## Records shown
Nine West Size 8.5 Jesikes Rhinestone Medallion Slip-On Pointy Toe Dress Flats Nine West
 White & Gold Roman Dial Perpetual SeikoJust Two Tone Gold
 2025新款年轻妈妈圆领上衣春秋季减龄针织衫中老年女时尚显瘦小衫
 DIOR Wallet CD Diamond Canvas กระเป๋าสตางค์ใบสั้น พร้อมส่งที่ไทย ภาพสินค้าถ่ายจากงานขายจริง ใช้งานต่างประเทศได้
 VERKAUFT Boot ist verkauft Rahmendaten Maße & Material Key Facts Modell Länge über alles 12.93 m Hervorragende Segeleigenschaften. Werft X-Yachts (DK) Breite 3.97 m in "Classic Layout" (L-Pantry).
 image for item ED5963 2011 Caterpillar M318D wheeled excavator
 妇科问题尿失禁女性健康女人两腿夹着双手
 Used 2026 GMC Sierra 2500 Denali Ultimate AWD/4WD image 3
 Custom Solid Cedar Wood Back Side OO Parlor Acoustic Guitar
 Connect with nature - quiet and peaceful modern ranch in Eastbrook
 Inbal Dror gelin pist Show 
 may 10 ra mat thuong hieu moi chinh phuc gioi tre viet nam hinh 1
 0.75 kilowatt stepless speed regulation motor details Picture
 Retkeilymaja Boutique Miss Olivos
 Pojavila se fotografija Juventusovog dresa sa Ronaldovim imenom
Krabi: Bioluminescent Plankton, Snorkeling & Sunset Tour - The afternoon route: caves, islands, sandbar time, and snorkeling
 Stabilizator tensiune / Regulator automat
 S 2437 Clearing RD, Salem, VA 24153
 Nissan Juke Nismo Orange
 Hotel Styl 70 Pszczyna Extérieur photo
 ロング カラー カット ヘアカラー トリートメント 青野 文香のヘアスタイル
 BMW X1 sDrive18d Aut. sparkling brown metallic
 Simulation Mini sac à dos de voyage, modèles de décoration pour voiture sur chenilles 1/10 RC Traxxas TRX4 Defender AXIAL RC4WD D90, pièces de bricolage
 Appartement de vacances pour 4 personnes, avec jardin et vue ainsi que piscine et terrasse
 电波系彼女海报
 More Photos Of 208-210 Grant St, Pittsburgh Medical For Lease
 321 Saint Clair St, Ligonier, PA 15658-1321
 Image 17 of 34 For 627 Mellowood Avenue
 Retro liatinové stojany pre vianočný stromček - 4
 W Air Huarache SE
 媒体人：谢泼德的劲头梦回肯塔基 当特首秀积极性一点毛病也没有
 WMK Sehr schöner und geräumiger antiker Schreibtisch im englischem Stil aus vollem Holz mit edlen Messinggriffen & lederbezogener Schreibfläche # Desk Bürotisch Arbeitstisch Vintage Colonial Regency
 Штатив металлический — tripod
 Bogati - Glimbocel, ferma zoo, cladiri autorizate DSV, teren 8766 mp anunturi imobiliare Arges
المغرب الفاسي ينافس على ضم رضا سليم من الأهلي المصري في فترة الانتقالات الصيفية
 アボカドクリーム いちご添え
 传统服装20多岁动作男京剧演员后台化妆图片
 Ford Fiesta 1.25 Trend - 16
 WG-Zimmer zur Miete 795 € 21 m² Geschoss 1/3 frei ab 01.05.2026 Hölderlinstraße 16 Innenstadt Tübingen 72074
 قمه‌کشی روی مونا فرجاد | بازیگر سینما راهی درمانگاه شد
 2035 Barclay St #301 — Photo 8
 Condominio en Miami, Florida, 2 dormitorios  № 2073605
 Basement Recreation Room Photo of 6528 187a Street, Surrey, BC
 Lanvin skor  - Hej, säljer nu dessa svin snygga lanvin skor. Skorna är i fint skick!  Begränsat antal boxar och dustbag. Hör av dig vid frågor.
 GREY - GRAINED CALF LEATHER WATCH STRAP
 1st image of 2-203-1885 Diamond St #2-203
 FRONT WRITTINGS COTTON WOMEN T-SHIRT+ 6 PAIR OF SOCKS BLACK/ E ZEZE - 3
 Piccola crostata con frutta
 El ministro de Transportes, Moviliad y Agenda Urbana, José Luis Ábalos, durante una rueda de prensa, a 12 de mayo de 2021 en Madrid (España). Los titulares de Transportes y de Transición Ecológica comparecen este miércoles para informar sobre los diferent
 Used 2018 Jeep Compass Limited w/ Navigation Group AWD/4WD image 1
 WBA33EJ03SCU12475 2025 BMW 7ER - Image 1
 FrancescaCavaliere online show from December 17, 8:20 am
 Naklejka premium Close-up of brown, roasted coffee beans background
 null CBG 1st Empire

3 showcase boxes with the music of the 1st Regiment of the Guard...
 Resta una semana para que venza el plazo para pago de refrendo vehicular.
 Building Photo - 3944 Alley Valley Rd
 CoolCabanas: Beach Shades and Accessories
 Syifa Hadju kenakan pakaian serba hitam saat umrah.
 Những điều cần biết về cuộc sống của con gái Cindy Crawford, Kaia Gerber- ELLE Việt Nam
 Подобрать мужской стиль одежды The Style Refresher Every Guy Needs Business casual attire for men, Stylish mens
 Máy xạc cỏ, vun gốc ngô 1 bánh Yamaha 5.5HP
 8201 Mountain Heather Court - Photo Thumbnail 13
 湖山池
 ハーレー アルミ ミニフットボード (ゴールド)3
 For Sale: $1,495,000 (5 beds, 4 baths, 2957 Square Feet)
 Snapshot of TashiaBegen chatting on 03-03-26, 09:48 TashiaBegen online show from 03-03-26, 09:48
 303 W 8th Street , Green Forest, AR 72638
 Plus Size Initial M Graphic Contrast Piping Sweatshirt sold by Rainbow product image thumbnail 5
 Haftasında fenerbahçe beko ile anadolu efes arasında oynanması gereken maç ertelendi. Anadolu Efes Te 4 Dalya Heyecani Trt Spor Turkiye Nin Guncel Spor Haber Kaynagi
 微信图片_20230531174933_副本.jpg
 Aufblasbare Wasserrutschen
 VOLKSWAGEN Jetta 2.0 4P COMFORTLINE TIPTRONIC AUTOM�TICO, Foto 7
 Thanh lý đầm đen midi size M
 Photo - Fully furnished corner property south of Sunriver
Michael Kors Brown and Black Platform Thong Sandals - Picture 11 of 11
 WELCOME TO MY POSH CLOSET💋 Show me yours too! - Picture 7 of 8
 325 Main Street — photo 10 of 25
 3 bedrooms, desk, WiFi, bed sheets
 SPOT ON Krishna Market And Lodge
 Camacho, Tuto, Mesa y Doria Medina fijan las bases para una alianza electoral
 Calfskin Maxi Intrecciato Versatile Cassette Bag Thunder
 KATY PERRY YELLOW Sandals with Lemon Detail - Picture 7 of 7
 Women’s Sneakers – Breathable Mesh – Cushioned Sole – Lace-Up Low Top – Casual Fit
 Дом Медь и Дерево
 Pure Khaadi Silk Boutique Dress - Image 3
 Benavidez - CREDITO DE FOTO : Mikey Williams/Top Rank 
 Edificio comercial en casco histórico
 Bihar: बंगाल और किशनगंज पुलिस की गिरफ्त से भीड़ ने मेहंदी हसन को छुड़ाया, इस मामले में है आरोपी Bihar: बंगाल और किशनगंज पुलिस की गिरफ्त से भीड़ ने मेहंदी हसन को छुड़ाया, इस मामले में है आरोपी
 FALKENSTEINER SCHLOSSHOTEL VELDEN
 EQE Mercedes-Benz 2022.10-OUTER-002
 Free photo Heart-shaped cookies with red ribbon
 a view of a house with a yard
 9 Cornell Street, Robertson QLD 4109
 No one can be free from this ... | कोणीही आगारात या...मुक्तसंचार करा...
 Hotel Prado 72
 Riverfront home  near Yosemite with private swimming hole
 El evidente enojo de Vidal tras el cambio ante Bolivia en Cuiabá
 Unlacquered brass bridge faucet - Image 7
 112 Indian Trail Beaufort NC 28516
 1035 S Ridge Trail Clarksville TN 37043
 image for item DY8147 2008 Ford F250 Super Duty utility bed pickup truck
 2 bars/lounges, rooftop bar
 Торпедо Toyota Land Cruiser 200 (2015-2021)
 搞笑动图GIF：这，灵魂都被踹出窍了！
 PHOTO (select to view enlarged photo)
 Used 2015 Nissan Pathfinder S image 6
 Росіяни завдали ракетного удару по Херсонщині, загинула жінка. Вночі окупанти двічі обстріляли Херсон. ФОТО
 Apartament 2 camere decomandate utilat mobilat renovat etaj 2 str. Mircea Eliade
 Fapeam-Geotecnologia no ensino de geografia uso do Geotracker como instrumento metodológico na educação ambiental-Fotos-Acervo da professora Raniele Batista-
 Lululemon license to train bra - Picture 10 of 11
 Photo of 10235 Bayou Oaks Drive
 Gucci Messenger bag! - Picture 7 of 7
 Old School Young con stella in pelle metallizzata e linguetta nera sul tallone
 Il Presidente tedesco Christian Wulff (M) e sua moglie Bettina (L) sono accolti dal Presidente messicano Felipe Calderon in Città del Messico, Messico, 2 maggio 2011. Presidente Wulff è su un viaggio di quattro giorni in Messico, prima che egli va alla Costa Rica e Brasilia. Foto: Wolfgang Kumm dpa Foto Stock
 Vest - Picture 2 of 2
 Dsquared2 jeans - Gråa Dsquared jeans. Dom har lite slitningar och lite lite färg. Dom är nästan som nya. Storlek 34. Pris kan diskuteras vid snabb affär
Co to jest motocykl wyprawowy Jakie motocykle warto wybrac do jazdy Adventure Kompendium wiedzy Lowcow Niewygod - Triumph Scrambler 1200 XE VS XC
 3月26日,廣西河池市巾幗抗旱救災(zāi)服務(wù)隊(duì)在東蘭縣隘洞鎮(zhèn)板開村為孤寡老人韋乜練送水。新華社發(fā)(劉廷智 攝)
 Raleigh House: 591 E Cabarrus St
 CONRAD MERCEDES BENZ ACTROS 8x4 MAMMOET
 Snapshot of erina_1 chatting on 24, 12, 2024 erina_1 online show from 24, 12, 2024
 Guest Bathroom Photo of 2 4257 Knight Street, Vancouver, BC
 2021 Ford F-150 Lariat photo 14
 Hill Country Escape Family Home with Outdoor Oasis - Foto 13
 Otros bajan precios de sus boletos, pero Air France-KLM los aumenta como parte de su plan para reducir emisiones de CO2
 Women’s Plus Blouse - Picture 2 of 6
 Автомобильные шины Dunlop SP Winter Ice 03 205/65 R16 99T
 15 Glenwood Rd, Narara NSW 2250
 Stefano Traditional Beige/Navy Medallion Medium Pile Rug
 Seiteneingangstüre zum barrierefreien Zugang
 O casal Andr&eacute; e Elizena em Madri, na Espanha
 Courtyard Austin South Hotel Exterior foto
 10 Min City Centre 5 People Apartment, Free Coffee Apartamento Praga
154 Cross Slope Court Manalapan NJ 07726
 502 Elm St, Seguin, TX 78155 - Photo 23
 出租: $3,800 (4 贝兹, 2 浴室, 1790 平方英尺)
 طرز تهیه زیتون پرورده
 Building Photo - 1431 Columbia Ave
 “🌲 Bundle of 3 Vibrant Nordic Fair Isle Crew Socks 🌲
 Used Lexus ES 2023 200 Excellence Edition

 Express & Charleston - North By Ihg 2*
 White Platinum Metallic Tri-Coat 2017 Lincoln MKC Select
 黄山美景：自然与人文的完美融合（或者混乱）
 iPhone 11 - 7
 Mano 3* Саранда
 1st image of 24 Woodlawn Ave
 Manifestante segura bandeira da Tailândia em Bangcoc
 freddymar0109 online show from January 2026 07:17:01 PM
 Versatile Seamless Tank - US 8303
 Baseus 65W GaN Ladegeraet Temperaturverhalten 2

## Exercise prompt
What you give back should be only the lines of the records above, starting at the line with "Simulation Mini sac" and ending at the line with "Ford Fiesta 1.25 Trend - 16", restated word for word.

## Output for this task
 Simulation Mini sac à dos de voyage, modèles de décoration pour voiture sur chenilles 1/10 RC Traxxas TRX4 Defender AXIAL RC4WD D90, pièces de bricolage
 Appartement de vacances pour 4 personnes, avec jardin et vue ainsi que piscine et terrasse
 电波系彼女海报
 More Photos Of 208-210 Grant St, Pittsburgh Medical For Lease
 321 Saint Clair St, Ligonier, PA 15658-1321
 Image 17 of 34 For 627 Mellowood Avenue
 Retro liatinové stojany pre vianočný stromček - 4
 W Air Huarache SE
 媒体人：谢泼德的劲头梦回肯塔基 当特首秀积极性一点毛病也没有
 WMK Sehr schöner und geräumiger antiker Schreibtisch im englischem Stil aus vollem Holz mit edlen Messinggriffen & lederbezogener Schreibfläche # Desk Bürotisch Arbeitstisch Vintage Colonial Regency
 Штатив металлический — tripod
 Bogati - Glimbocel, ferma zoo, cladiri autorizate DSV, teren 8766 mp anunturi imobiliare Arges
المغرب الفاسي ينافس على ضم رضا سليم من الأهلي المصري في فترة الانتقالات الصيفية
 アボカドクリーム いちご添え
 传统服装20多岁动作男京剧演员后台化妆图片
 Ford Fiesta 1.25 Trend - 16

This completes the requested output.